Thu, Mar 5, 2015 → Sun, Mar 8, 2015
For information: http://www.moving-image.info/new-york/
Moving Image will take place March 5-8, 2015. Located in the Waterfront Tunnel event space between 27th and 28th Streets with an entrance on 11th Avenue in Chelsea. Moving Image will be free to the public and open Thursday – Saturday, March 5-7, 11–8 PM and on Sunday, March 8, 11-4 PM. An opening reception will take place Thursday, March 5, 6–8 PM.
Moving Image was conceived to offer a viewing experience with the excitement and vitality of a fair, while allowing moving image-based artworks to be understood and appreciated on their own terms. Participation is by invitation only. The newly formed Moving Image Curatorial Advisory Committee for New York 2014 is inviting a selection of international commercial galleries and non-profit institutions to present single-channel videos, single-channel projections, video sculptures, and other larger video installations.

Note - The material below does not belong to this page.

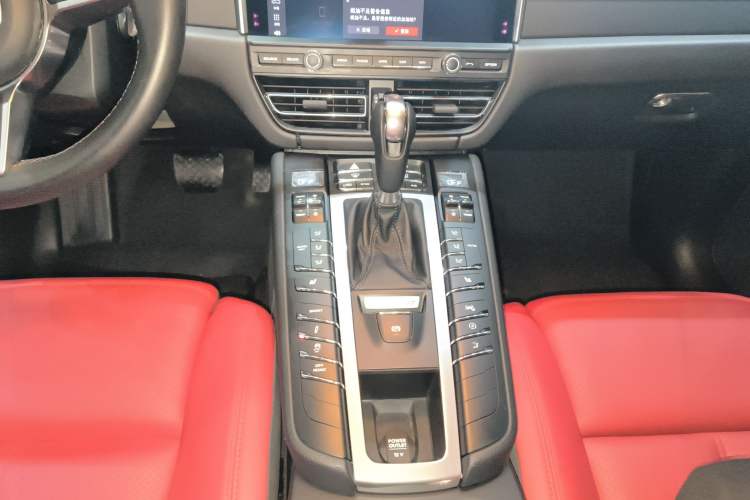 Used Porsche Macan 2018 Macan 2.0T Gear Lever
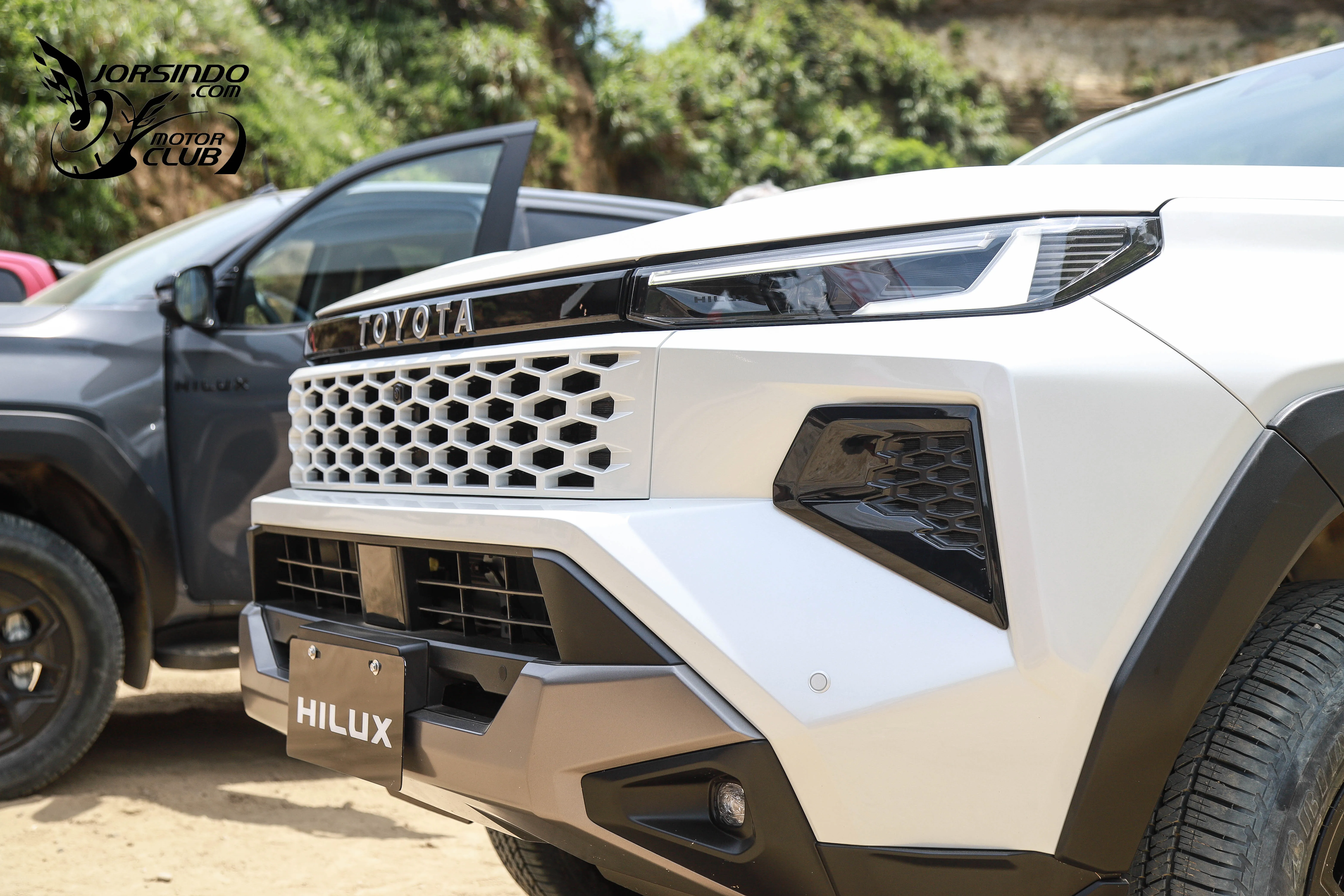 增MTS越野系統、TSS 3.0！Toyota大改款Hilux 161.9萬起國內上市2604|小老婆汽機車資訊網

Waterfront New York Tunnel
269 11th Avenue
Between 27th and 28th Streets
New York, NY 10001
JOEY FAUERSO
Guadalupe – After Images, 2014
single-channel video, 59 min
edition of 3 +2AP
A central theme of Guadalupe – After Images is movement: moving through something, away from something, out and into something new, transcending a certain set of physical and narrative conditions towards something more abstract and intuitive. The piece reflects an evolving understanding of the nature of painting–what a painting can be, and the ways a painting can be made.
Fauerso initiated the project with an exploration of a regional landscape. Many of her paintings and videos begin with extensive documentation of an experience or performance through video and photography. In this case she chose to use video footage taken from a boat ride on the Guadalupe River. At a certain point the boat moved through the trees, the perspective changed, and the image abstracted. What interested her was the physicality of the sequence, and a sense of one space opening onto another.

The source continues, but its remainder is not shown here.